[WORKING DATA]:
########################################

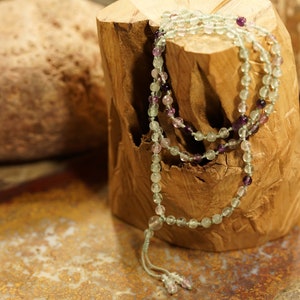 Rainbow Fluorite Mala Necklace • Mala for Mental Clarity and Concentration • Fluorite Mala Beads • 4mm • Cleansing of Negativity • 2279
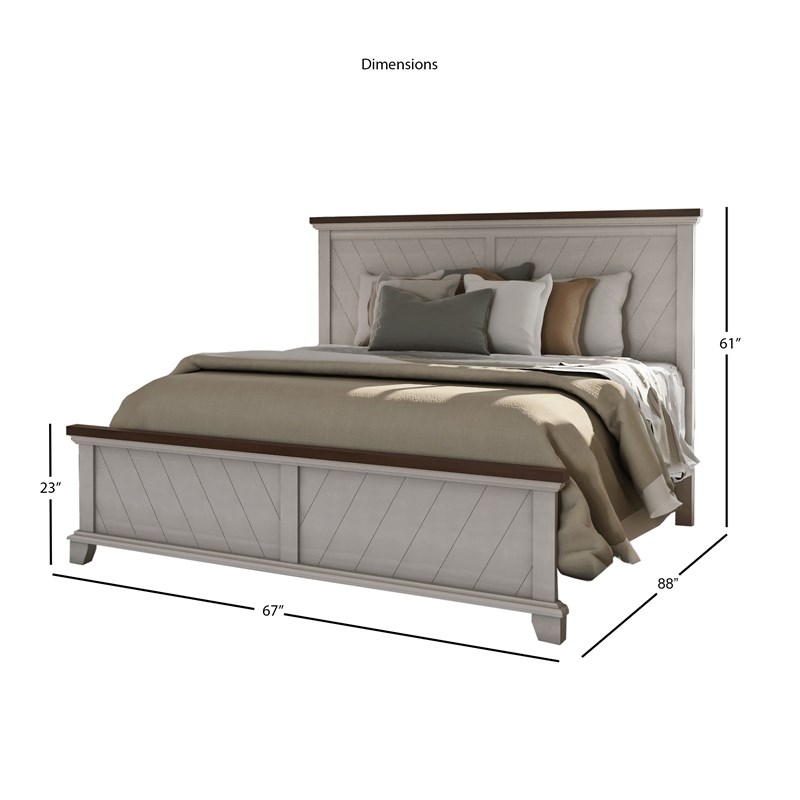 Bear Creek Rustic Ivory Queen Panel Bed Homesquare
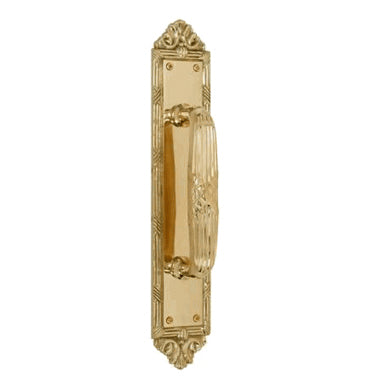 COPPER MOUNTAIN HARDWARE 13 3/4 Inch Solid Brass Ribbon & Reed Door Pull (Lacquered Brass Finish)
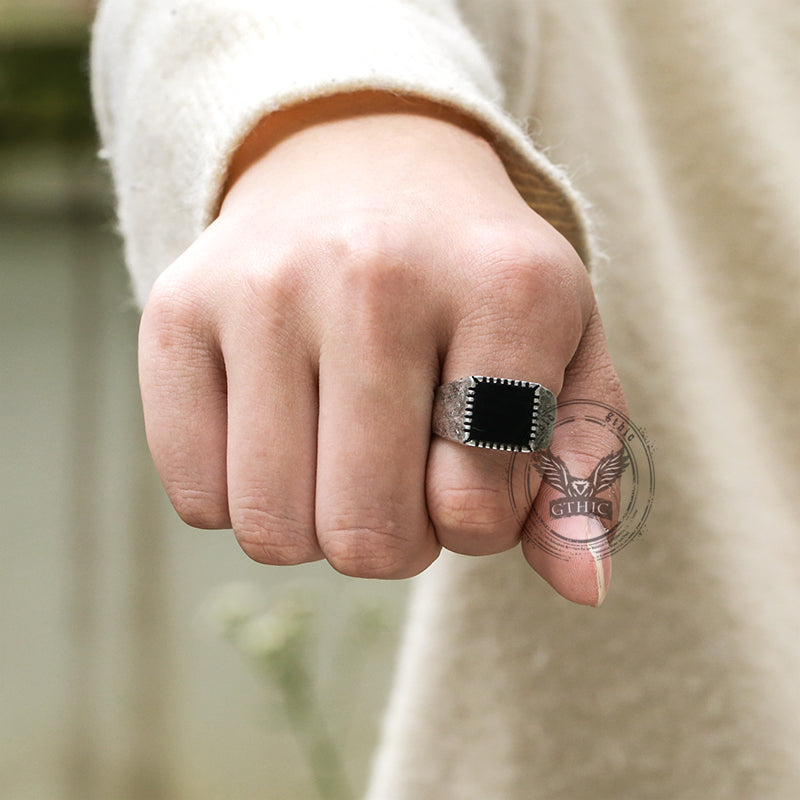 Retro Black Square Stainless Steel Ring | Gthic.com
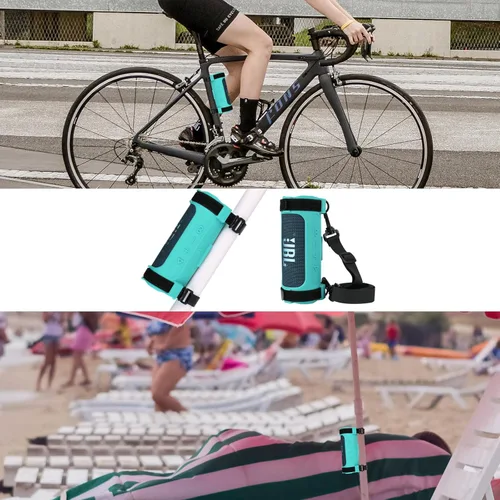 Vista 6 de TXEsign Funda de silicona compatible con altavoces JBL Flip 6, funda protectora JBL Flip 6 Funda para altavoz de viaje con correa para el hombro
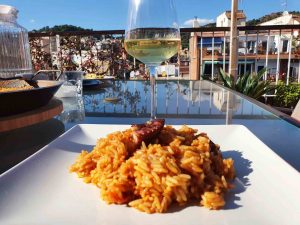 arroz con pulpo y sobrasada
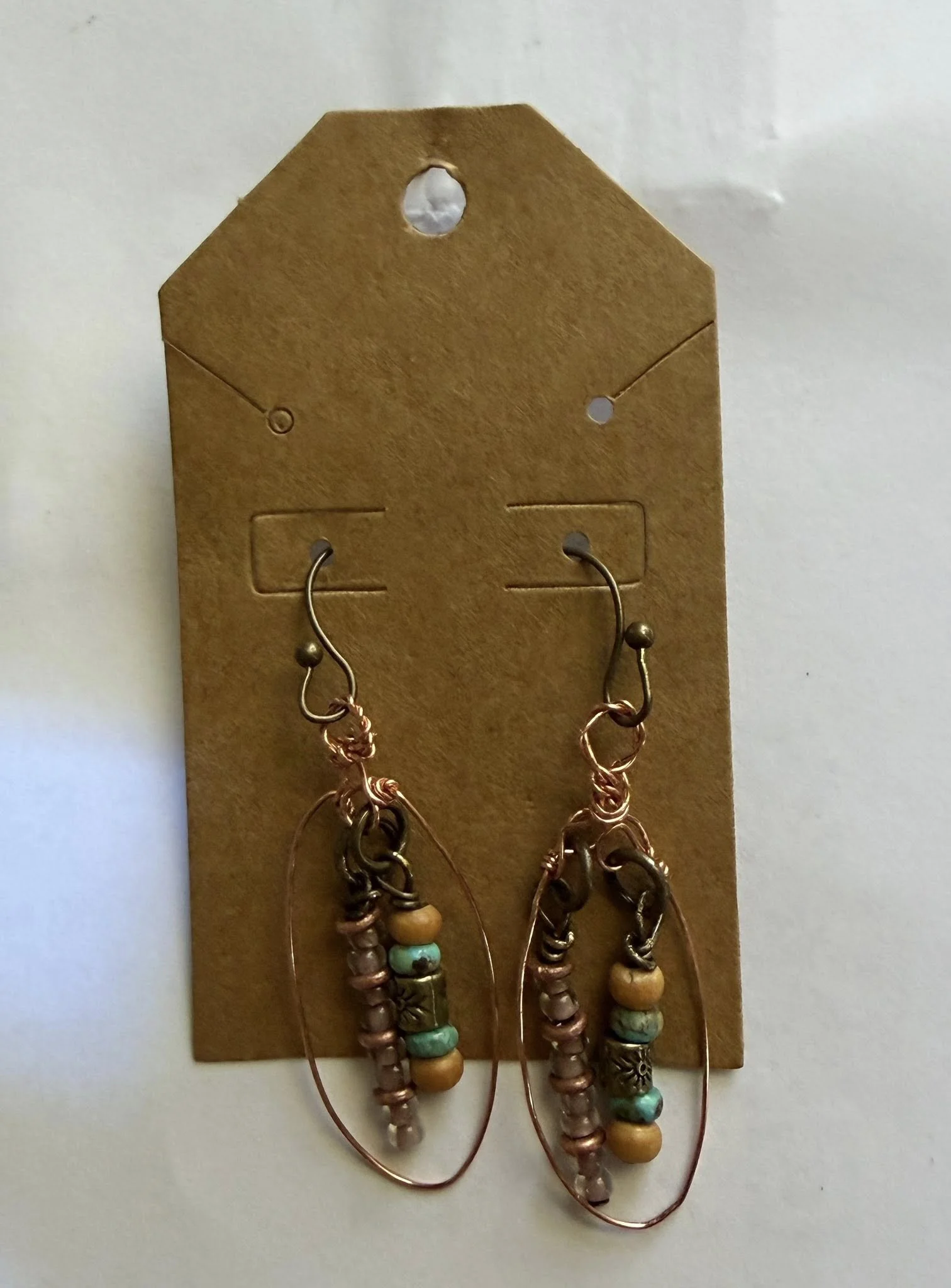 Turquoise and Wood Earrings
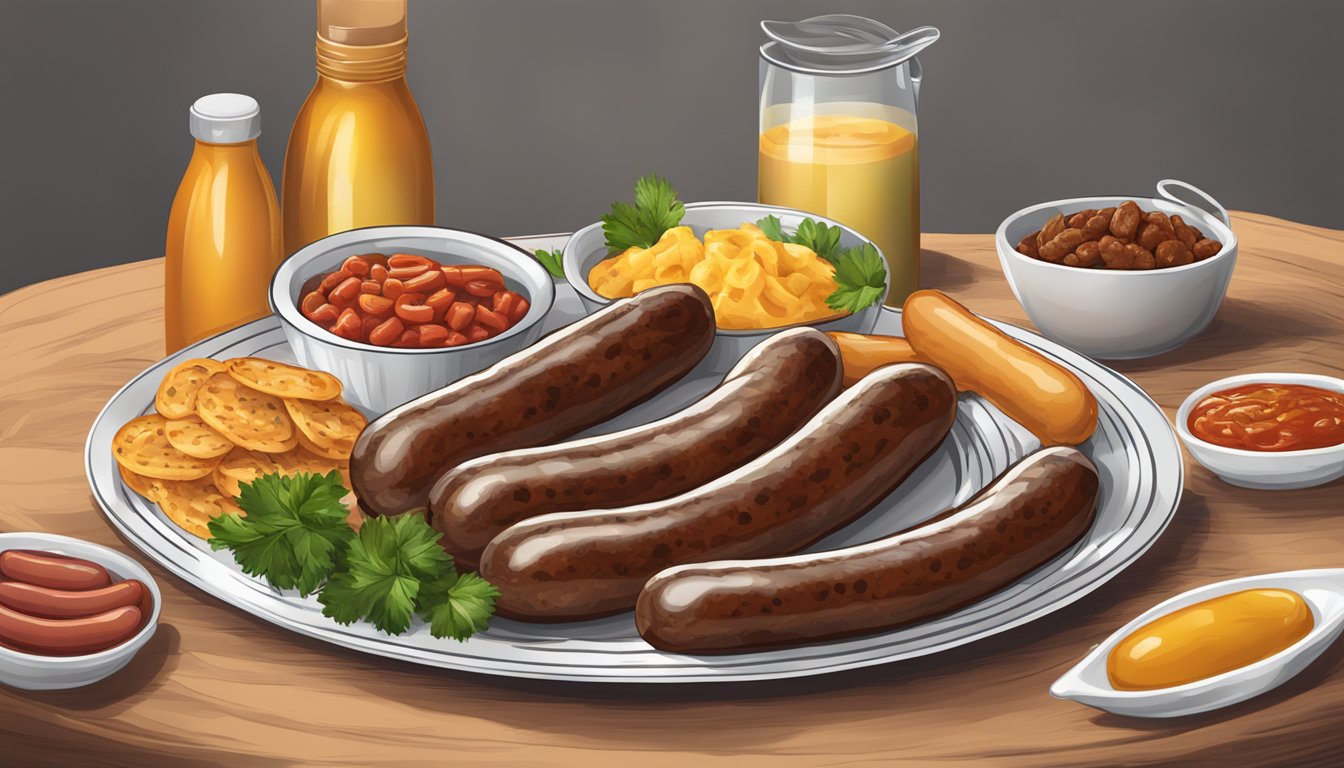 A plate of alheira sausages with assorted condiments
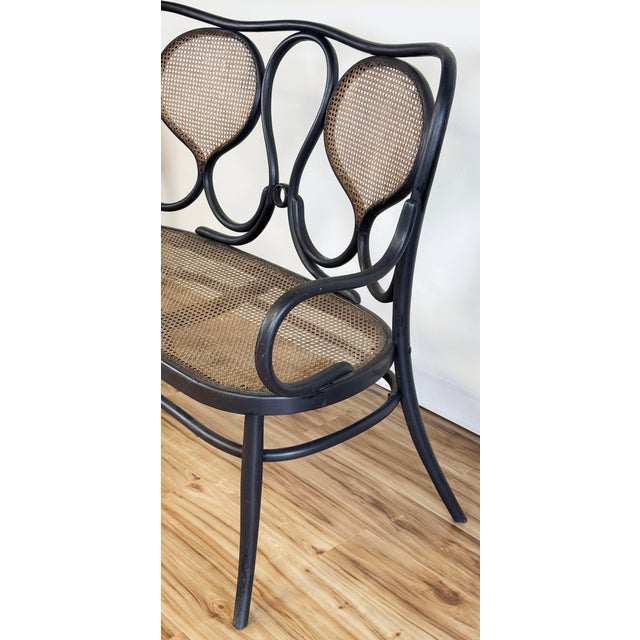 Wood Vintage Bentwood Bench With Caned Seat For Sale - Image 7 of 15
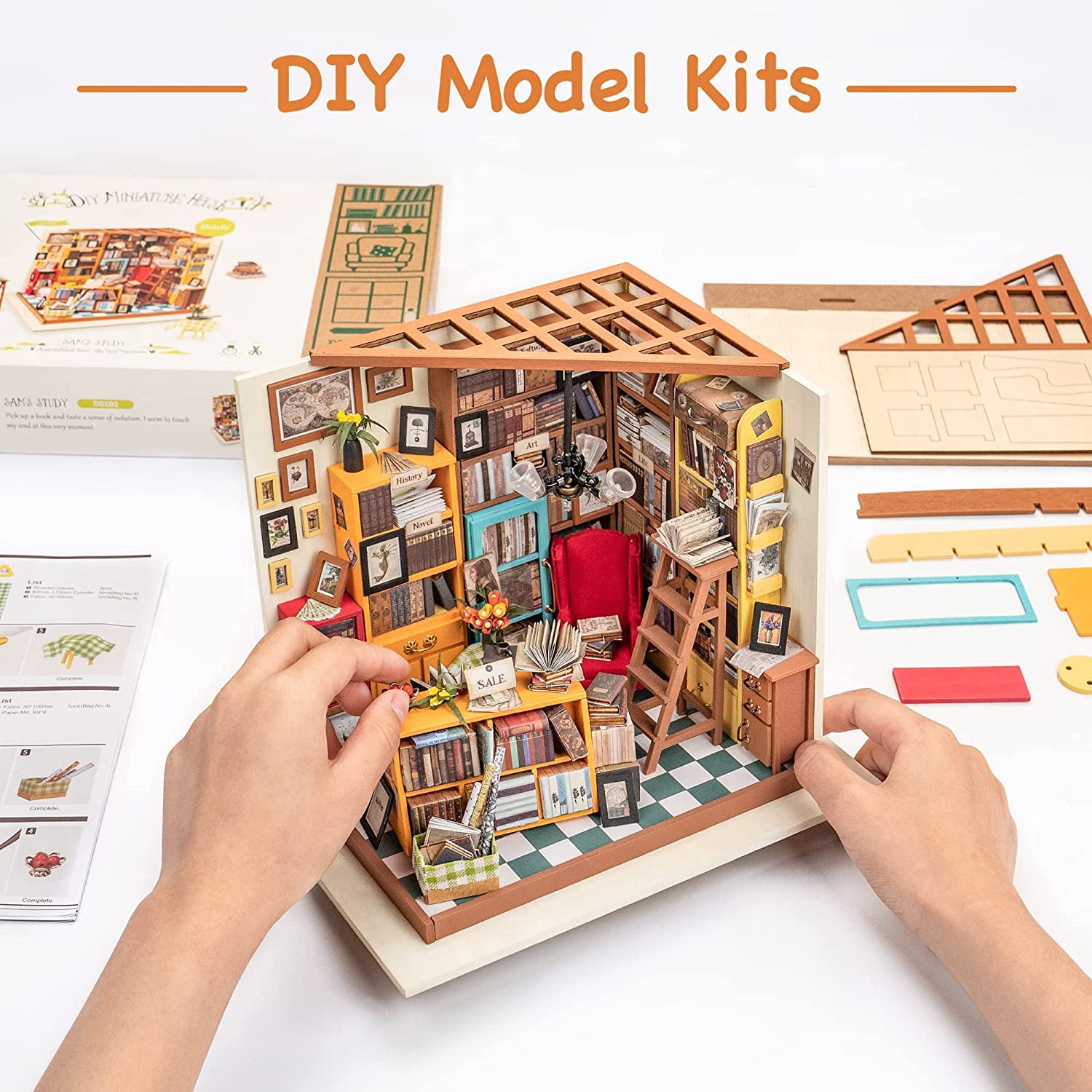 ROBOTIME Sam's Bookstore-DIY Miniature House Kit,Mini Wooden Dollhouse Model Building Sets,Tiny House Craft Kits Gifts for Adults Kids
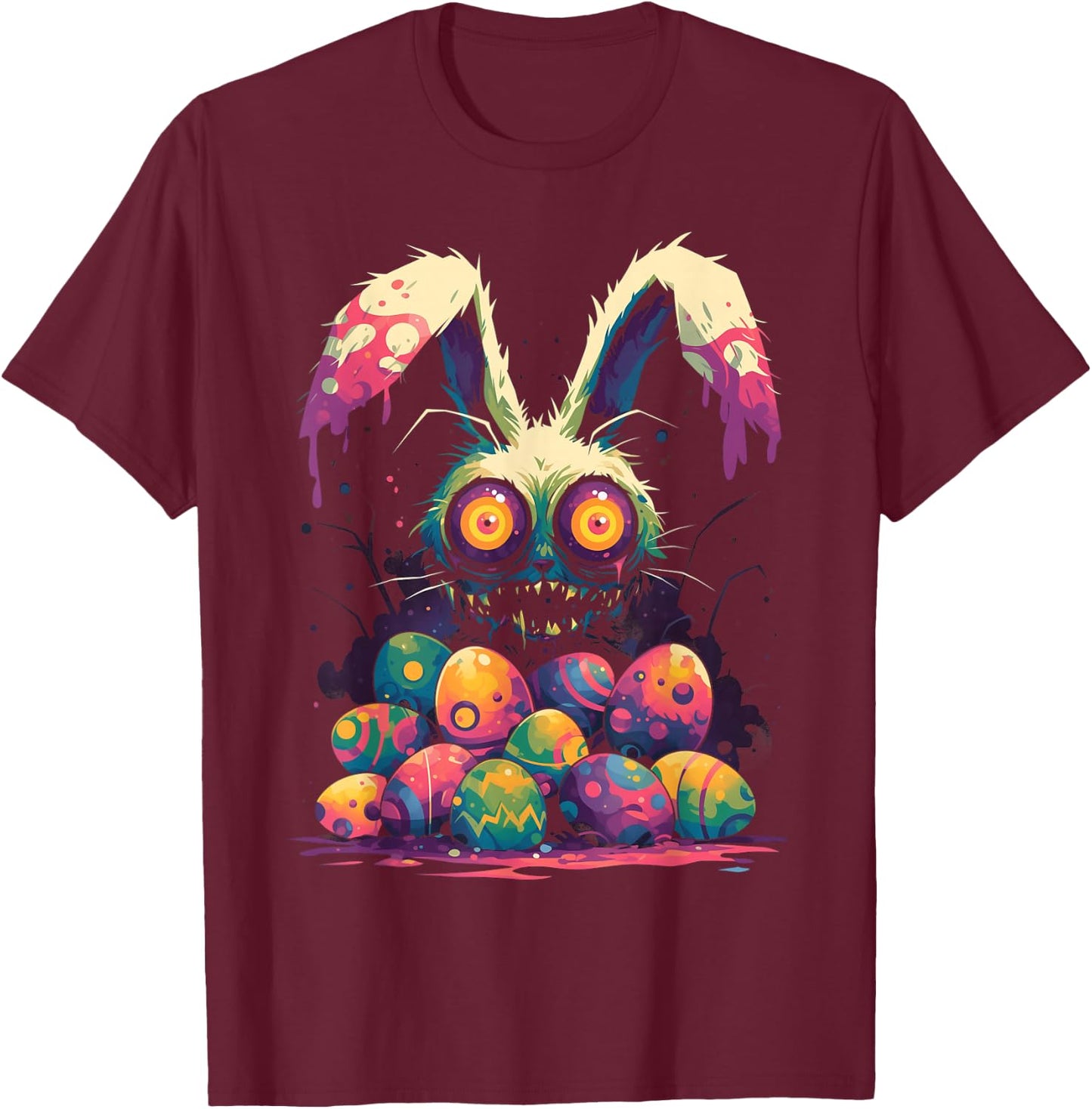Horror Easter Bunny Egg Hunt Creepy Cute Goth Alt Aesthetic T-Shirt - T-Shirt | Maroon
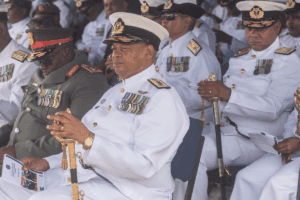 Sinking navy sails on stormy seas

########################################

With the pictures omitted, restate word for word the lines above from the line that has "Retro Black Square" up to and including the line that has "Wood Vintage Bentwood", and no other lines.

 Retro Black Square Stainless Steel Ring | Gthic.com
 Vista 6 de TXEsign Funda de silicona compatible con altavoces JBL Flip 6, funda protectora JBL Flip 6 Funda para altavoz de viaje con correa para el hombro
 arroz con pulpo y sobrasada
 Turquoise and Wood Earrings
 A plate of alheira sausages with assorted condiments
 Wood Vintage Bentwood Bench With Caned Seat For Sale - Image 7 of 15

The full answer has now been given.